If I told you that the dollar is up, gold is down, and profits are powerful, would you be bullish or bearish? Well, I would be bullish -- at least for the short-run. There are a lot of positive signals out there right now, quite apart from all the Washington tax threats and big-government politics.
For example: The 10 percent NASDAQ stock correction was erased with a good gain on Wednesday. The techie index is now nearly 2 percent above the January 19 correction level. And the broader S&P 500 is coming back -- it has recouped virtually all of its election losses.
There now is a growing consensus that the U.S. economy, at a minimum, will outperform the economies of Europe and Japan. Plus, business profits, the mother’s milk of stocks, could hit $90 a share. That comes to an earnings yield of over 7.5 percent, or a price-earnings multiple of about 13 times.

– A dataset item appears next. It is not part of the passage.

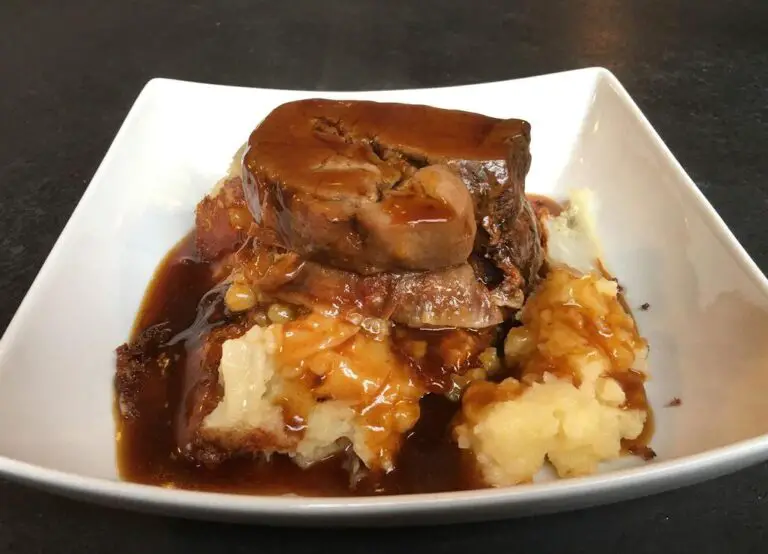Slow-Baked Beef Brisket on Potato Mash and Covered With Gravy Recipe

So let me ask you this: Do you want to own a 3.7 percent Treasury bond? Or would you rather take a 6 percent corporate bond? Why not take the stock yield which is much higher?
Now here’s a good leading indicator: Financial stocks are coming alive again. Citigroup and AIG are leading the parade. The whole group has recouped its correction loss, plus 2 percent. Others like Morgan Stanley, BB&T, BofA, and Goldman Sachs have good momentum. And corporate bond rates are coming down. The Treasury curve is still steeply upward-sloping. Heck, even a banker can make money with a zero interest rate and a more than 3.5 percent 10-year bond.
And guess what? I love this. Rich people actually may be on the rise. According to the new Forbes list, billionaires in the U.S. went from 359 last year to 403 in 2010. You can’t have successful free-market capitalism without rich people. You can’t have capitalism without capital. Washington doesn’t understand this.
We should not be eating our rich with punitive tax rates. We should be rewarding them for their successful investing and entrepreneurship. No capitalism without capital. Capital creates jobs. So let’s help those who are the most successful; they help everyone else. (By the way, this is one of the reasons why there is going to be one powerful political regime change come November.)
On the downside, the U.S. just posted a record budget deficit in February. Yet again. This, despite the fact that tax revenues actually rose for the first time in almost two years, which is a sign that the economy is improving. But here’s the rub: Spending increased almost 17 percent in the last 12 months!
This is nuts. Stop the madness.
And here again, a new congressional bill that just passed the Senate will cost $150 billion -- and for what? Little temporary tax credits and more transfer payments to the state. No spending-cut offsets whatsoever. Will they ever learn? Ever?
But the wonder of wonders is that our mostly free-market economy and stock market are pointing to recovery, despite Washington.